* _The problem_:
Repeat the data below exactly, dropping any pictures it holds.

* _Data section_:
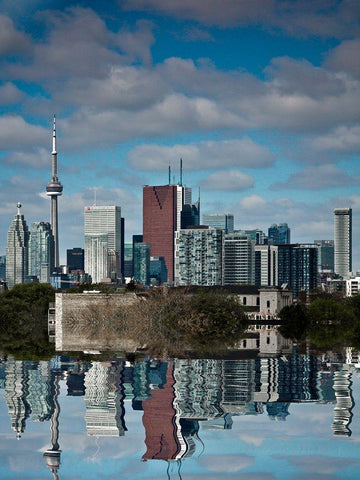 Toronto Skyline Reflection White Modern Wood Framed Art Print with Double Matting by Carson, Brian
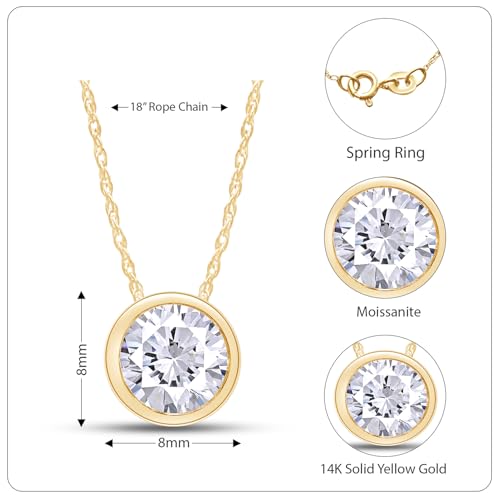 SAVEARTH DIAMONDS 14K Solid Gold 1 Carat 6.5MM Moissanite Classic Bezel Set Solitaire Lab Created Diamond Pendant Necklace for Women, Gold Chain 18 inch2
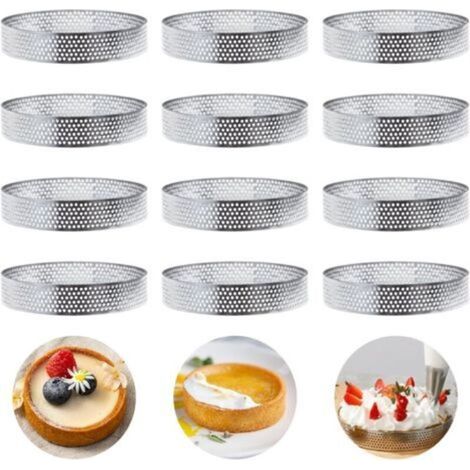 12 Stück Ø10cm perforierte Gebäckringe, Tarteringe aus Edelstahl 430, Gebäckformen für Quiches, Kuchen, Mini-Pizzen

* _Your solution_:
 Toronto Skyline Reflection White Modern Wood Framed Art Print with Double Matting by Carson, Brian
 SAVEARTH DIAMONDS 14K Solid Gold 1 Carat 6.5MM Moissanite Classic Bezel Set Solitaire Lab Created Diamond Pendant Necklace for Women, Gold Chain 18 inch2
 12 Stück Ø10cm perforierte Gebäckringe, Tarteringe aus Edelstahl 430, Gebäckformen für Quiches, Kuchen, Mini-Pizzen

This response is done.